=== TASK DETAILS ===
Your copy starts at the line containing "JUST HOME COLLECTION" and ends at the last line of the material below. Reproduce those lines exactly, with no pictures.

=== THE DATA ===
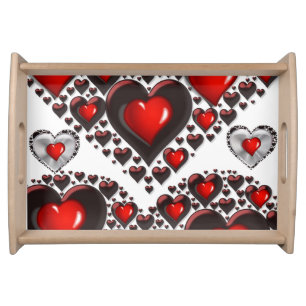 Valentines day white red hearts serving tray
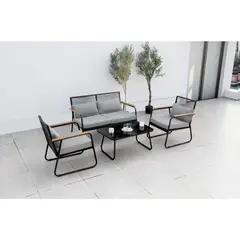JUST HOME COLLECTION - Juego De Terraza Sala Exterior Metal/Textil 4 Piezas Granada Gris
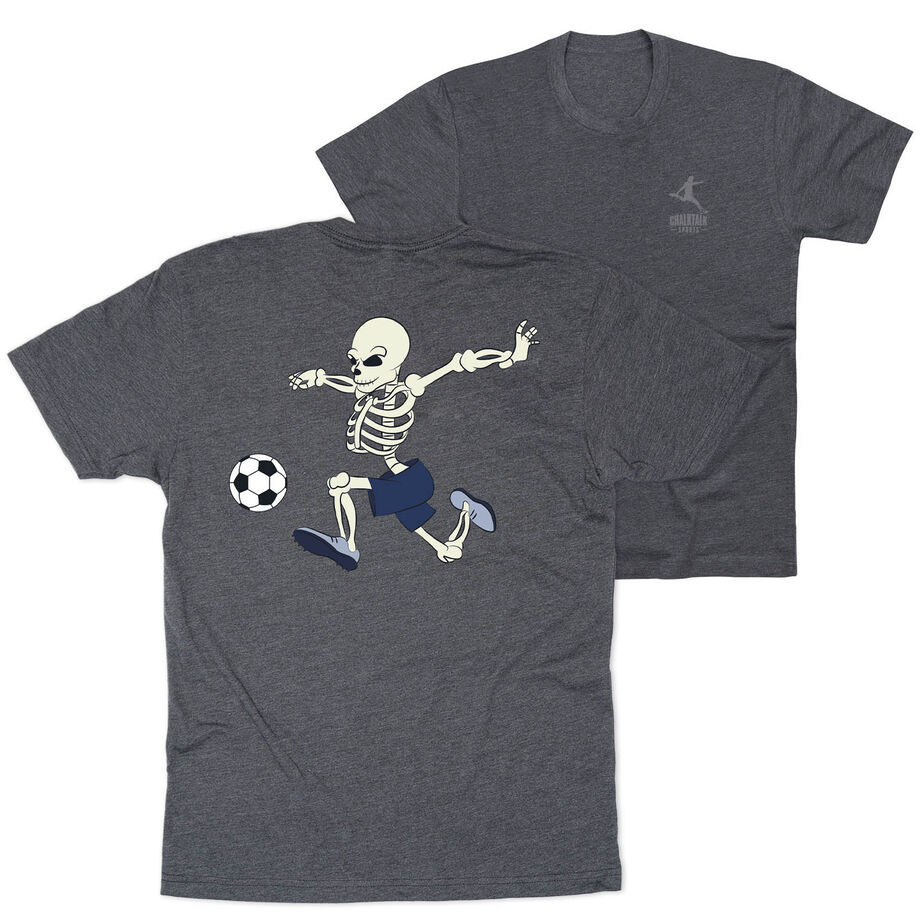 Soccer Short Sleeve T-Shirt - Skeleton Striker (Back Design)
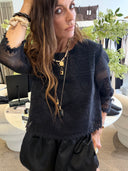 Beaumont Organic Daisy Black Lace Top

=== ANSWER BELOW ===
JUST HOME COLLECTION - Juego De Terraza Sala Exterior Metal/Textil 4 Piezas Granada Gris
 Soccer Short Sleeve T-Shirt - Skeleton Striker (Back Design)
 Beaumont Organic Daisy Black Lace Top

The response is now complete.